### MATERIAL SUPPLIED
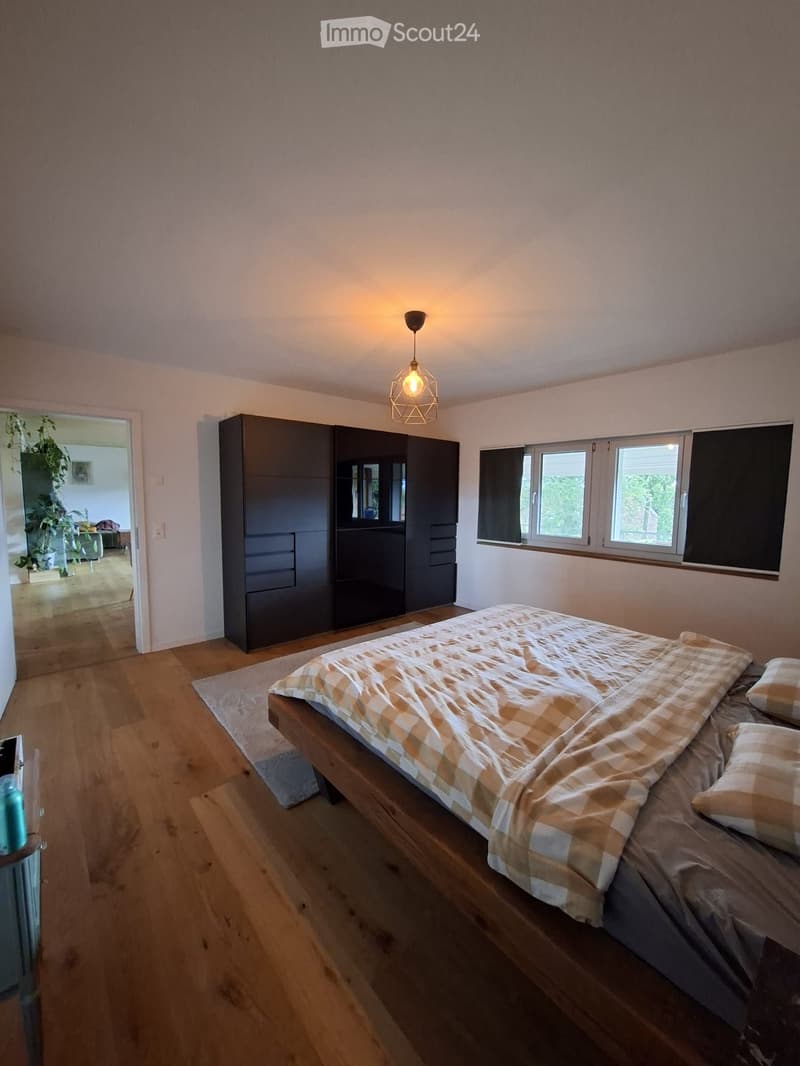 Modern bedroom with wooden flooring, a large bed with a checkered duvet, a tall dark wardrobe, and a hanging pendant light fixture.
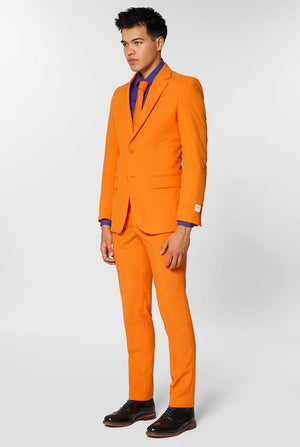 Man wearing orange men's suit with purple dress shirt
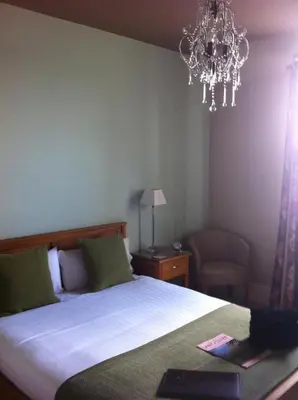 a bedroom with a bed and a chandelier at Station lounge in Clitheroe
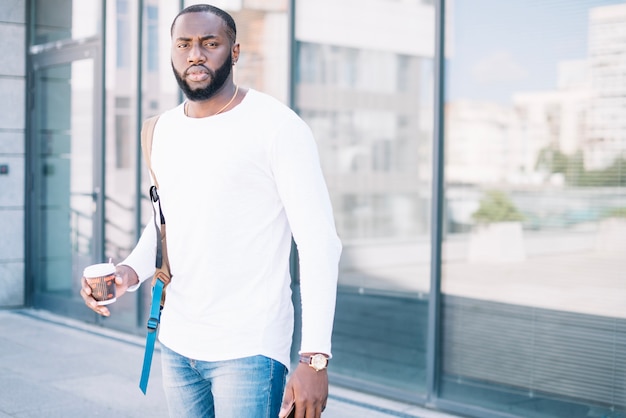 Photo gratuite homme sérieux près du mur de verre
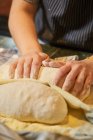 From above of faceless female hands kneading bunch of fresh dough at table in bakery — Stock Photo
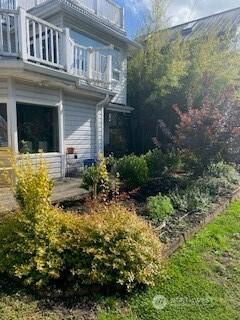 back of property with a balcony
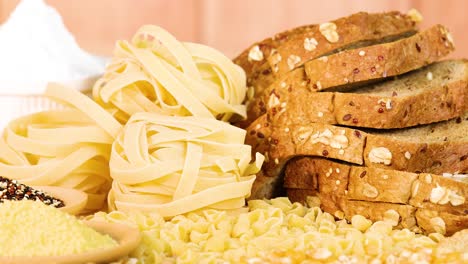 a variety of grains and breads displayed with warm lighting, highlighting textures and colors in a close-up composition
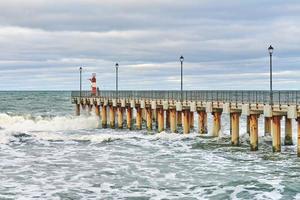 Fisherman in camouflage fishing on pier with lighthouse photo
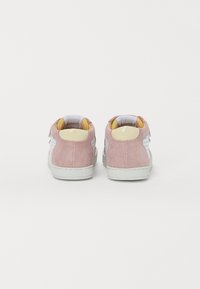 Sneaker in suede rosa con accenti bianchi, punta rotonda, suola in gomma e fodera gialla imbottita. Presenta dettagli perforati sui lati.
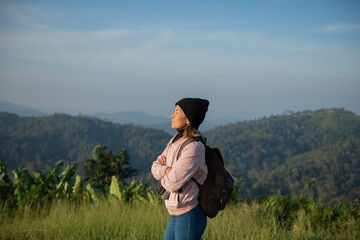woman traveler wanderer wearing hat stand alone and enjoying freedom and calm inspired travelling....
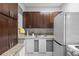 Kitchenette with dark wood cabinets, light granite countertops, and a stainless-steel sink at 2401 Bayshore Blvd # Cu1, Tampa, FL 33629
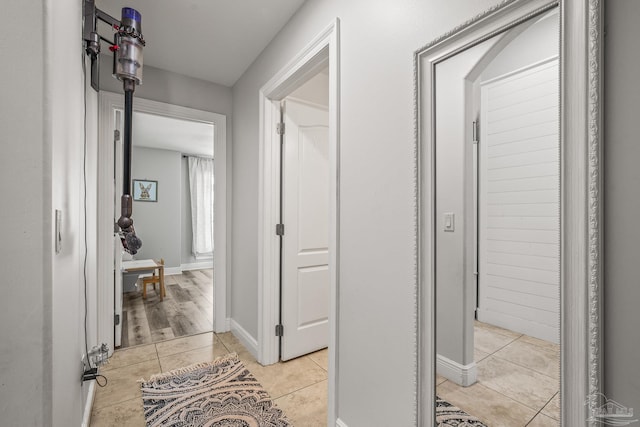 hallway with light tile patterned floors and baseboards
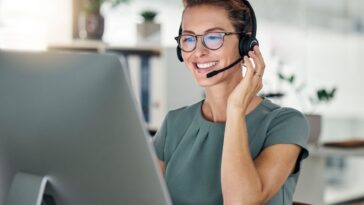 smiling woman with headset working on a computer from home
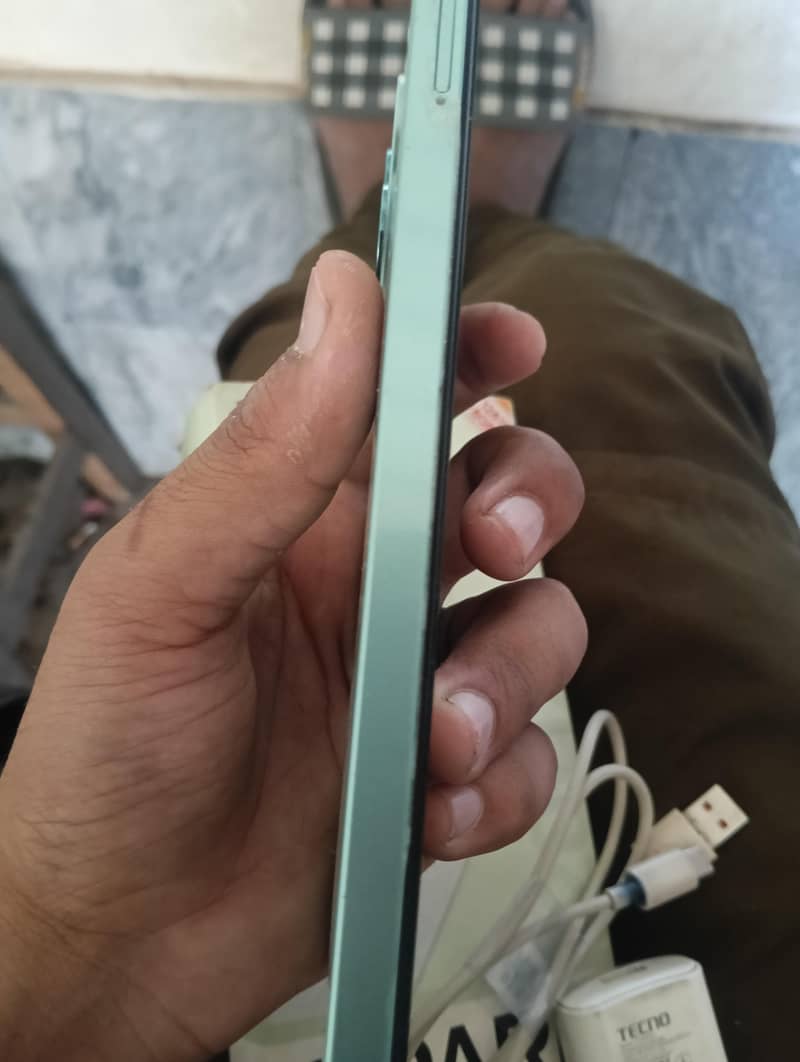 Tecno Spark Go1 6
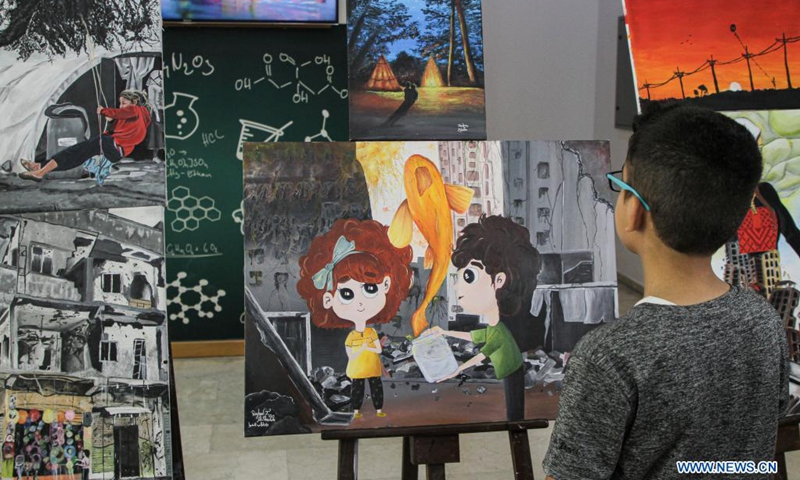 A visitor views artworks made by Palestinian children during an exhibition at Al-Qattan Center for the Child, in Gaza City, Aug. 8, 2021. About 120 children participated in the exhibition with their artworks.(Photo: Xinhua)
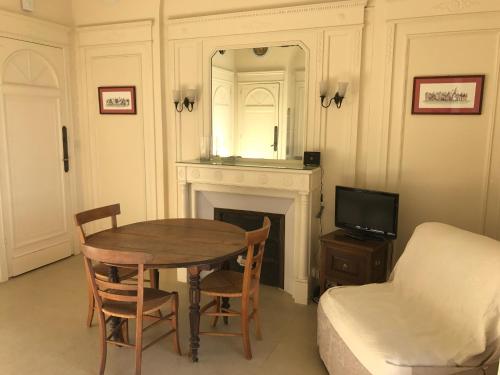 Cette chambre comprend une table, un lit et un miroir. dans l'établissement Résidence Thiers Golf 1 -Charmant studio face à la baie, à Saint-Jean-de-Luz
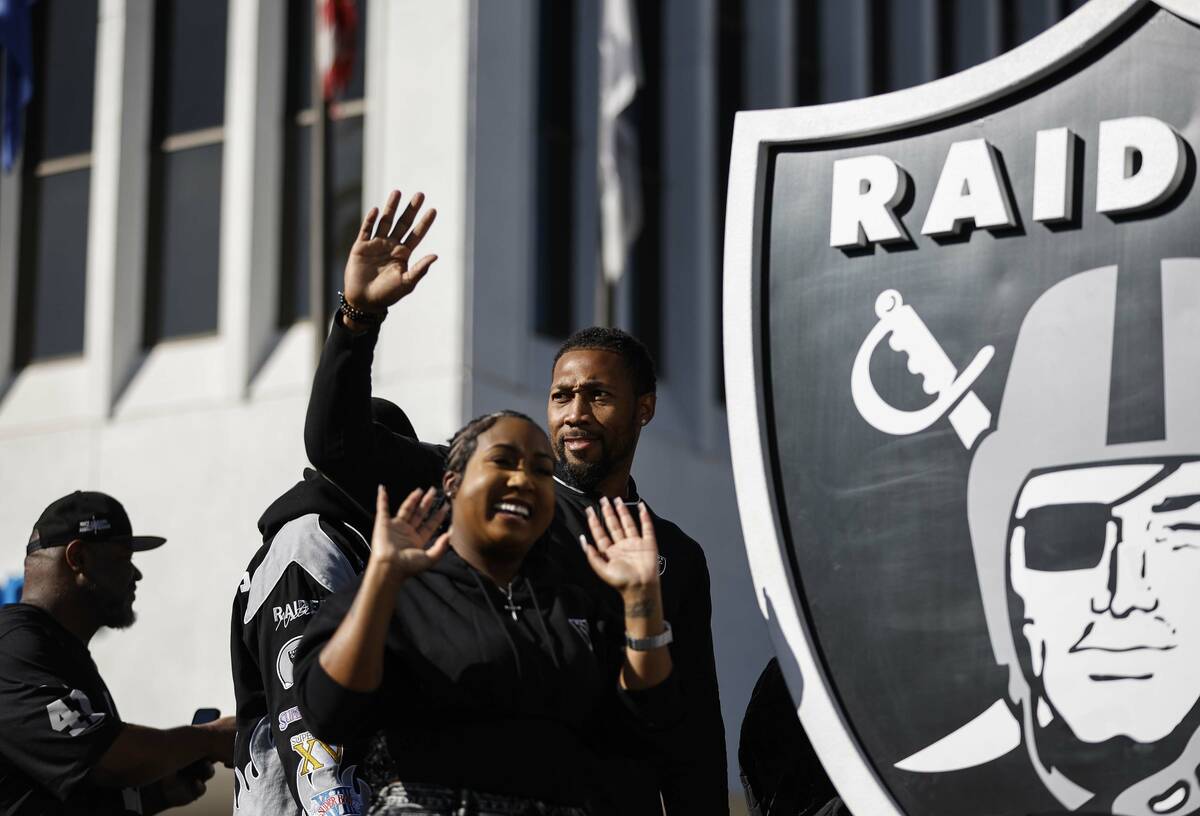 Members of the Raiders organization wave to the crowd during the Dr. Martin Luther King Jr. par ...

### EXERCISE BRIEF
Nothing but the lines from the one containing "Fisherman in camouflage" through the one containing "woman traveler wanderer" should appear, copied exactly from the material above and without pictures.

### FINISHED TASK
 Fisherman in camouflage fishing on pier with lighthouse photo
 Sneaker in suede rosa con accenti bianchi, punta rotonda, suola in gomma e fodera gialla imbottita. Presenta dettagli perforati sui lati.
woman traveler wanderer wearing hat stand alone and enjoying freedom and calm inspired travelling....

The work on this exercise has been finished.